Just before we came to Hurricane the electricity was installed in the homes there. The people delighted to show us how by turning a switch on the cord hanging from the ceiling they could get light. There was no need for outlets or plugins as there were not any electric appliances like we have now. The contractor to build the school came and started the building of the school. I worked for him when the water was out of the ditch and we could not make brick. I dug the first shovel of dirt to start the foundation. Now that school house in which all my children attended school has served its purpose and has been torn down to have a modern one replace it. I received a couple hundred bricks out of it and they are now in the fireplace on our lawn outside. I wanted some of them to remind me of my first work in Hurricane.

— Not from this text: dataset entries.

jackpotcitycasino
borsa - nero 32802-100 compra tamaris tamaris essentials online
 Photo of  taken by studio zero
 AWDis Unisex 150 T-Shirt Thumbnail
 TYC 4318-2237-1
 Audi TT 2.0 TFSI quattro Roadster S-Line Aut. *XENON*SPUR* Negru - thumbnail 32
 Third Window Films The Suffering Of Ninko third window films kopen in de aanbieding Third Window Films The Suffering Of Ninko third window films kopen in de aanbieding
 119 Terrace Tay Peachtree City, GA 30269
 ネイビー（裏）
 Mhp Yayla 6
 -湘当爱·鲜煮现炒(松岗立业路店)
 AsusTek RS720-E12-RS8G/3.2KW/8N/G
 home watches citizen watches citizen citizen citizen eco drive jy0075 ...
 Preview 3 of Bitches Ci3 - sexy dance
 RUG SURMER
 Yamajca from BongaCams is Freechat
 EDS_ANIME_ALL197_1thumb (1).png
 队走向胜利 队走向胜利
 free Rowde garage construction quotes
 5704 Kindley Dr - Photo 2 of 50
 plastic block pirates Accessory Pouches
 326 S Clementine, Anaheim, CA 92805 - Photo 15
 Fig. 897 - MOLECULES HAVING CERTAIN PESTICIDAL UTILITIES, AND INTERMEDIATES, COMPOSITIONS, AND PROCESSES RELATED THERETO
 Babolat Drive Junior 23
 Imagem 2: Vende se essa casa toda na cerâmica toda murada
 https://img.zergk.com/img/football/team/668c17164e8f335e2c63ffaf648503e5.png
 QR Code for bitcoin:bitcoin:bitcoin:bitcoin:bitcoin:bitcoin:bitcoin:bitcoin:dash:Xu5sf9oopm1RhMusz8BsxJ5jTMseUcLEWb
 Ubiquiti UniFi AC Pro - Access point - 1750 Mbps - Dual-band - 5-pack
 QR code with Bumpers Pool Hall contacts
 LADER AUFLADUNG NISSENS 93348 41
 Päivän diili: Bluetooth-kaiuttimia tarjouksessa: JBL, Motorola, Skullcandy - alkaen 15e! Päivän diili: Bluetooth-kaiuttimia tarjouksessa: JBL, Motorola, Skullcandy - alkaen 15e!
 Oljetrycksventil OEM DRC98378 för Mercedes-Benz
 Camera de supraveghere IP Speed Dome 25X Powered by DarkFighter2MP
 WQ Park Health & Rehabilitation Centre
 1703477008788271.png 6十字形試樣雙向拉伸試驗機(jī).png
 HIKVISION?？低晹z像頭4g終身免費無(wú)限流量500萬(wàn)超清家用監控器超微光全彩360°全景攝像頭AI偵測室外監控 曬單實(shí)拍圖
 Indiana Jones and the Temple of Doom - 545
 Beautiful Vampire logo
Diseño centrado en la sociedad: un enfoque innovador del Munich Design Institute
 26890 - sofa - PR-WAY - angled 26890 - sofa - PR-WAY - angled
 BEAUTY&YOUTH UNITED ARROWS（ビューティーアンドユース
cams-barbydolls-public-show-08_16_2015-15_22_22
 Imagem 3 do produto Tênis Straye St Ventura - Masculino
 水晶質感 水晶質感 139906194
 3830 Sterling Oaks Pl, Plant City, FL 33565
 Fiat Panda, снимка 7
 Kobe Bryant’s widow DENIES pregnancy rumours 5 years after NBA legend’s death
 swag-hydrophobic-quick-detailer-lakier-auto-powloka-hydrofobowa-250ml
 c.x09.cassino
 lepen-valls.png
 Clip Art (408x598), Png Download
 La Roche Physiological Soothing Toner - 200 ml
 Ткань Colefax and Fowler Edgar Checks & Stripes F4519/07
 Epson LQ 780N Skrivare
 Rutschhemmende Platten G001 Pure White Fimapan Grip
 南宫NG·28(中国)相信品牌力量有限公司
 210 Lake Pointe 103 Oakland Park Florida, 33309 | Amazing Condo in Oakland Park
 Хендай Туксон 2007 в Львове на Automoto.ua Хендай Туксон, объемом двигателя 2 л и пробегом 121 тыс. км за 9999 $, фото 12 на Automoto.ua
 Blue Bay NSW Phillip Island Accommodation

Fireplace outside the Squire La Verkin Home built with the bricks my Grandpa Squire made. DuWayne Squire - November 2012 |
We had been working for a couple weeks when one night after we had washed and cleaned up I went into the front room to set down to read. The first thing I noticed was a new picture on the book case of a lovely young girl. I sized it up and took it into the kitchen and asked Grandma Wilson who it was. She told me that her name was Amelia Sanders and that she was one of her granddaughters. I said "Now that’s something! I am going to marry that girl.” Grandma Wilson told that story as long as she lived. As I remember it she told me that she was going to come there that evening for milk as she was working for another daughter of hers who had a young baby. I waited around and finally a young girl came and went into the kitchen. She was in there with her Aunt Edna a daughter of the elder Wilsons who was about the same age. The kitchen was dark as they did not have the light on in there so on a pretense of showing some pictures I got the girls to come into the dining room where there was light. Of course I paid no attention to the pictures only the girl and decided it would never do for me to let a young girl like that carry two big quarts of milk a couple of blocks after working all day...so I asked permission to carry the milk home for her and protect her on her way from the darkness. That is how things started. Each night I would await her coming for the milk so I could carry it back for her never thinking it could be done without her coming for it.